What to work on » Could you report every line of the listing below that holds the word "with"?

Listed records »
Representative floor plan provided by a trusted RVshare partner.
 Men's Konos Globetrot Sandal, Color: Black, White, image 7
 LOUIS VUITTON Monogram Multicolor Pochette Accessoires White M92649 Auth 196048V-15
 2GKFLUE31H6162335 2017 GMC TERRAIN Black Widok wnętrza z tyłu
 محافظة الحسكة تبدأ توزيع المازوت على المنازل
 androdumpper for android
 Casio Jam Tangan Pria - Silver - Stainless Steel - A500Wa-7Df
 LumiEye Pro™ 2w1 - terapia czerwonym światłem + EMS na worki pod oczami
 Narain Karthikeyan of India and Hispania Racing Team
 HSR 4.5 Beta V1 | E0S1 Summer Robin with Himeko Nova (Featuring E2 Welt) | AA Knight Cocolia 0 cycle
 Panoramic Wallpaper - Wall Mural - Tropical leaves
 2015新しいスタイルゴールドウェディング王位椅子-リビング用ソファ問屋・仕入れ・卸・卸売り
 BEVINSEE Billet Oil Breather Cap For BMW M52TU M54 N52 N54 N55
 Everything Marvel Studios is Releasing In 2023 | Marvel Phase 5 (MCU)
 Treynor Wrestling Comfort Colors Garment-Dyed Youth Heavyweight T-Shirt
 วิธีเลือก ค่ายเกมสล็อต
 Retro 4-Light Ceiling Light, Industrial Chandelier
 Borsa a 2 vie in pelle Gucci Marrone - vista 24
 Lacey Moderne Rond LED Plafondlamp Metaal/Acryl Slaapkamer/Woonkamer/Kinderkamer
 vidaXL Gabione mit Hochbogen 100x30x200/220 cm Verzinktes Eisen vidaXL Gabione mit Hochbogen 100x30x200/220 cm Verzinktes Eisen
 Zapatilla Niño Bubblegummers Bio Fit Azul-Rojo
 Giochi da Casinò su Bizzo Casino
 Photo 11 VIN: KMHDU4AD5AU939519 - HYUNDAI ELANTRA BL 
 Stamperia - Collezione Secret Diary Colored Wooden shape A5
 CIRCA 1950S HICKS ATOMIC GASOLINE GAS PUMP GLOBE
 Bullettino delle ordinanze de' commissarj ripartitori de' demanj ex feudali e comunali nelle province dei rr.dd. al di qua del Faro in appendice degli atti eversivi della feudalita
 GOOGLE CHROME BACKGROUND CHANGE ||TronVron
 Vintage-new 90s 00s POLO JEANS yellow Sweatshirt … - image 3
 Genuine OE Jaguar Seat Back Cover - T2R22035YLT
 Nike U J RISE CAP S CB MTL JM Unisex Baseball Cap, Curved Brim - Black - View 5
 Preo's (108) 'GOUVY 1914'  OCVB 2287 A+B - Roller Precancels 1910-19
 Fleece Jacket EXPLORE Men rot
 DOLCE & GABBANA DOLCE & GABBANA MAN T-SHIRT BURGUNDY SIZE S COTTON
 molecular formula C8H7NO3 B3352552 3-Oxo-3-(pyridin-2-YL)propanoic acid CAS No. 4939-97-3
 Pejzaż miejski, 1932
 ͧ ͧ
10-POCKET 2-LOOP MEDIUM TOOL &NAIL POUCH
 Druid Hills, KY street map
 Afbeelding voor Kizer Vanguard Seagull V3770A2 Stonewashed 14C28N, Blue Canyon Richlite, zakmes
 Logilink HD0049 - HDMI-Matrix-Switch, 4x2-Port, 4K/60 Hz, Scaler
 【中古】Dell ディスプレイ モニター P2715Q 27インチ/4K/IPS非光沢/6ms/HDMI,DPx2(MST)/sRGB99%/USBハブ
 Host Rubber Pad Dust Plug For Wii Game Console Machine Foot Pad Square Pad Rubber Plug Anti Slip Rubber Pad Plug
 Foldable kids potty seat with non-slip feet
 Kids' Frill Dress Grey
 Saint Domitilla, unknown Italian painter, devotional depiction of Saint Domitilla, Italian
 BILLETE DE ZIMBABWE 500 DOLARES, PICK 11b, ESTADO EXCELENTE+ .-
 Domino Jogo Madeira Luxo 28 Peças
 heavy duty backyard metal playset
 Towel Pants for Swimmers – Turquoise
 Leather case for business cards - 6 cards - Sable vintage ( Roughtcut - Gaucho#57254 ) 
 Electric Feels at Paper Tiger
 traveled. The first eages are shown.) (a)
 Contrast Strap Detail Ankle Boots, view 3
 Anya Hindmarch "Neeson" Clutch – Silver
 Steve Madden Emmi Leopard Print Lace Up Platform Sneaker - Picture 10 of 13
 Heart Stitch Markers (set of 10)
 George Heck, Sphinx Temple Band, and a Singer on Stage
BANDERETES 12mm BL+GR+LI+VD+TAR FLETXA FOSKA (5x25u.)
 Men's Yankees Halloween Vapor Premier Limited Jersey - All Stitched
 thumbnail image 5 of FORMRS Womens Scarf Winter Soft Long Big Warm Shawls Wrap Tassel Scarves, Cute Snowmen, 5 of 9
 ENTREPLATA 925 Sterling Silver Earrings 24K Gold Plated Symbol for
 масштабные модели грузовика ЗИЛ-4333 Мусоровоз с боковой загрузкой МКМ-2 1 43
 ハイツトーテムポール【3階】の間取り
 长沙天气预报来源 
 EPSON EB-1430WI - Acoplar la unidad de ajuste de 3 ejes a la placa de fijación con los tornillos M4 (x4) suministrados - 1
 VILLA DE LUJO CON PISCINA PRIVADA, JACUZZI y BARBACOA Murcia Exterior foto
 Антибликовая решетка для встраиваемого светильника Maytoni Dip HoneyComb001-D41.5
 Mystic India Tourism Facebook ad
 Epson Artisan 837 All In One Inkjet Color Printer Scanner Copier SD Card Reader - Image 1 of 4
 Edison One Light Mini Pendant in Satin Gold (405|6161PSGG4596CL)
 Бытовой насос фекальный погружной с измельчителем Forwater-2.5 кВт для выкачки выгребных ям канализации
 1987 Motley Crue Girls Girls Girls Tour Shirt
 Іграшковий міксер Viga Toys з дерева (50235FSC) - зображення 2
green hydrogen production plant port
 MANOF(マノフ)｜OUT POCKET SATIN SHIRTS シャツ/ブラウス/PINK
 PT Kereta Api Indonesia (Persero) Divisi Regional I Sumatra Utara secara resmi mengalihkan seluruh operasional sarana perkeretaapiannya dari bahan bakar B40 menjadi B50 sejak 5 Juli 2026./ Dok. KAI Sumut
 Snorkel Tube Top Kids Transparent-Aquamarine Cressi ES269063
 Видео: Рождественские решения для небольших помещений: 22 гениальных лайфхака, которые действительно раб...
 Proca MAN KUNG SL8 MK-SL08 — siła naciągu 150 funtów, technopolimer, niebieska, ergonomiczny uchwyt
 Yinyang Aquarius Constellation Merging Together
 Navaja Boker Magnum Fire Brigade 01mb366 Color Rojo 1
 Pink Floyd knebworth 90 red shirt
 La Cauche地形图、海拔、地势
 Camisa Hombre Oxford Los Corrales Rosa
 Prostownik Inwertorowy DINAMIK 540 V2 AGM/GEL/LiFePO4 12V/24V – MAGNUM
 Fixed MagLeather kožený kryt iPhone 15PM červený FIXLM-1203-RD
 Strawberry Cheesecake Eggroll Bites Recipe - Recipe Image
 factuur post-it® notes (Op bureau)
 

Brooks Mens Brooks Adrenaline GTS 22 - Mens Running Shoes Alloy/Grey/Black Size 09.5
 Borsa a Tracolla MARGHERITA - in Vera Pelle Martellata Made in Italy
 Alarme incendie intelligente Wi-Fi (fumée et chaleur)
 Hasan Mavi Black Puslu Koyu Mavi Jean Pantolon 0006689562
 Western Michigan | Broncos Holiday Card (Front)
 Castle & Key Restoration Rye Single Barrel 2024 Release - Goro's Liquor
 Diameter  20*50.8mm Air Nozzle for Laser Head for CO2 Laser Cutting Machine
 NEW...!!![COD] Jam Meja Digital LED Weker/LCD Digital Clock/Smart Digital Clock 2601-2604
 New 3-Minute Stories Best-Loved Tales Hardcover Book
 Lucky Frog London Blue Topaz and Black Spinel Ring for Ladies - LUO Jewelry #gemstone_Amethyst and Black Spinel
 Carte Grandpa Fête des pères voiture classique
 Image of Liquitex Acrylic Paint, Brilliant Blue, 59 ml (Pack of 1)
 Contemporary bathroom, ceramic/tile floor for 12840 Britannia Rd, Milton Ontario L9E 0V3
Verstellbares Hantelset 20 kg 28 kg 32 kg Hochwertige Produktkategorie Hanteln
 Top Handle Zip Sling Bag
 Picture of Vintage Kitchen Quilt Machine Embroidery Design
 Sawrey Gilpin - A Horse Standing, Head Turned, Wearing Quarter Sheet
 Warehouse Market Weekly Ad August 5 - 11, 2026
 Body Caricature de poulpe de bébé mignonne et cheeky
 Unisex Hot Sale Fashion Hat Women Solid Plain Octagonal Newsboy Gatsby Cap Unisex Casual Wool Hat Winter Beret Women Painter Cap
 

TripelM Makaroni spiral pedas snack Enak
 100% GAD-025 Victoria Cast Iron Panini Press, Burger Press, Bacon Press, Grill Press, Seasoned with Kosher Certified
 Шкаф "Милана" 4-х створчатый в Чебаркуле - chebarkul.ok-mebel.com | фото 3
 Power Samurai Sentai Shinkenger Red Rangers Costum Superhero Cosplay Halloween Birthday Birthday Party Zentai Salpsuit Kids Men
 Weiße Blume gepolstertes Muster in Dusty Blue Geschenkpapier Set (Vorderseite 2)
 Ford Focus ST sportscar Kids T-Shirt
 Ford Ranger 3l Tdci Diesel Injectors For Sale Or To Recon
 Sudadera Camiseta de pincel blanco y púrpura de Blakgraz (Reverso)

Solution to this problem »
 HSR 4.5 Beta V1 | E0S1 Summer Robin with Himeko Nova (Featuring E2 Welt) | AA Knight Cocolia 0 cycle
 Foldable kids potty seat with non-slip feet
 100% GAD-025 Victoria Cast Iron Panini Press, Burger Press, Bacon Press, Grill Press, Seasoned with Kosher Certified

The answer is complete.